START INPUT RECORDS

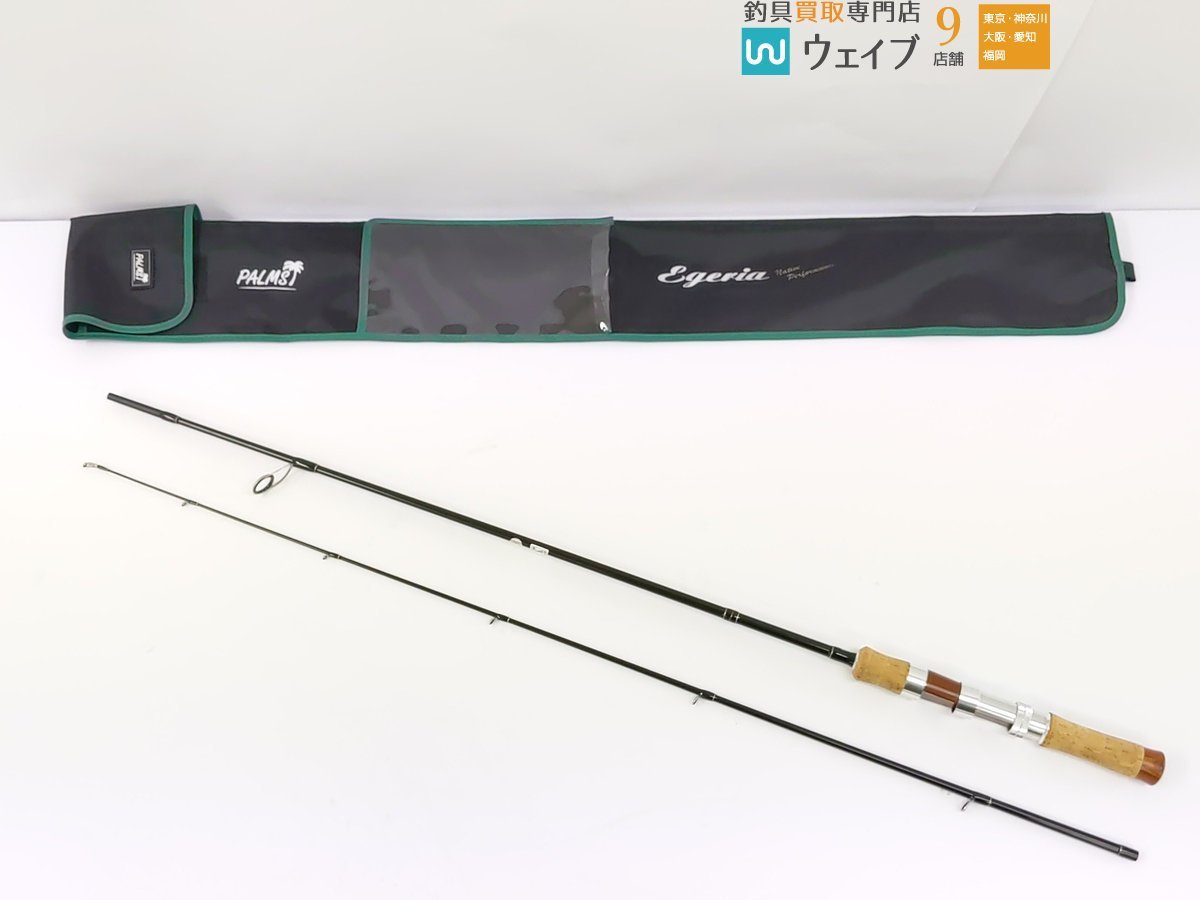 ヤフオク! -「パームス エゲリア」(2ピース) (トラウト用)の落札相場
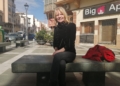 irene Mejorar el nivel de inglés, necesario para potenciar el turismo en Melilla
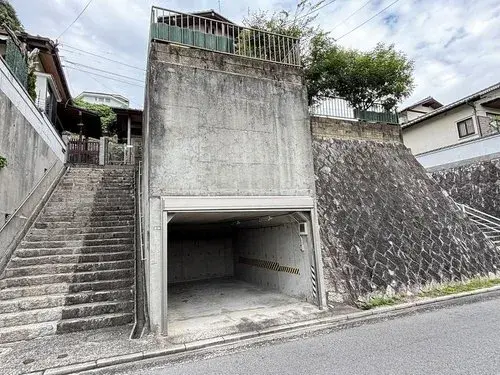 4LDK Hiroshima City Hiroshima Prefecture (1)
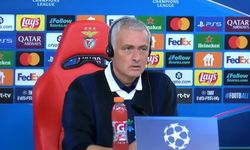 Fenerbahçe'de Mourinho dönemi bitti / Video eklendi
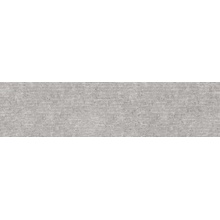 Ergon Stone Talk ED4T Rullata Grey Naturale Ret Decoratie 30x120 cm, Italië, steen  - foto 1 - foto 1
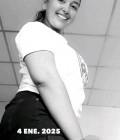 Heidy 31 años Barinas  Venezuela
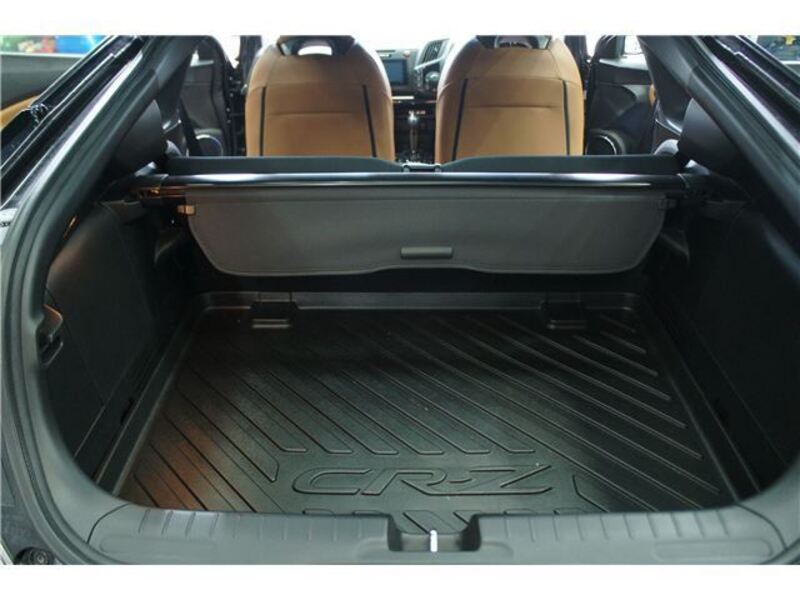 CR-Z
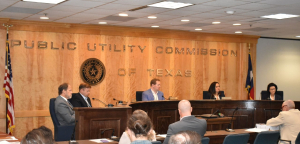 Governor Abbott to Announce New PUC Chairman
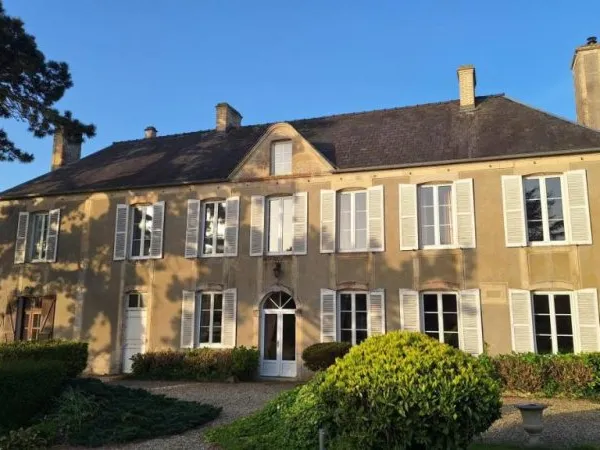 Maison 8 pièces 225 m²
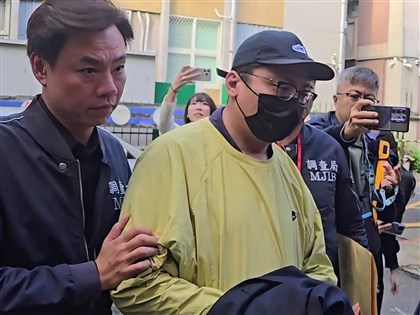 柬埔寨太子集團涉洗錢　在台幹部王昱棠等5人聲押禁見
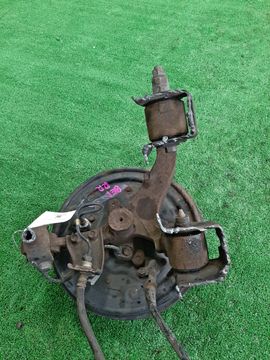 СТУПИЦА НА HONDA EDIX BE1 D17A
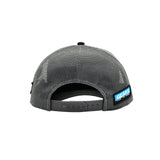 2025 GEARS RACING DESIGN TRUCKER HAT GRD-2503-TH01 * Limited edition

END INPUT RECORDS

TASK DESCRIPTION >> Write out exactly the lines from the line holding "4LDK Hiroshima City Hiroshima Prefecture (1)" through the last line of the records above, inclusive, and nothing more. Leave out the pictures.

RESULT OF THE EXERCISE >>
 4LDK Hiroshima City Hiroshima Prefecture (1)
 Fenerbahçe'de Mourinho dönemi bitti / Video eklendi
 Ergon Stone Talk ED4T Rullata Grey Naturale Ret Decoratie 30x120 cm, Italië, steen  - foto 1 - foto 1
 Heidy 31 años Barinas  Venezuela
 CR-Z
 Governor Abbott to Announce New PUC Chairman
 Maison 8 pièces 225 m²
 柬埔寨太子集團涉洗錢　在台幹部王昱棠等5人聲押禁見
 СТУПИЦА НА HONDA EDIX BE1 D17A
 2025 GEARS RACING DESIGN TRUCKER HAT GRD-2503-TH01 * Limited edition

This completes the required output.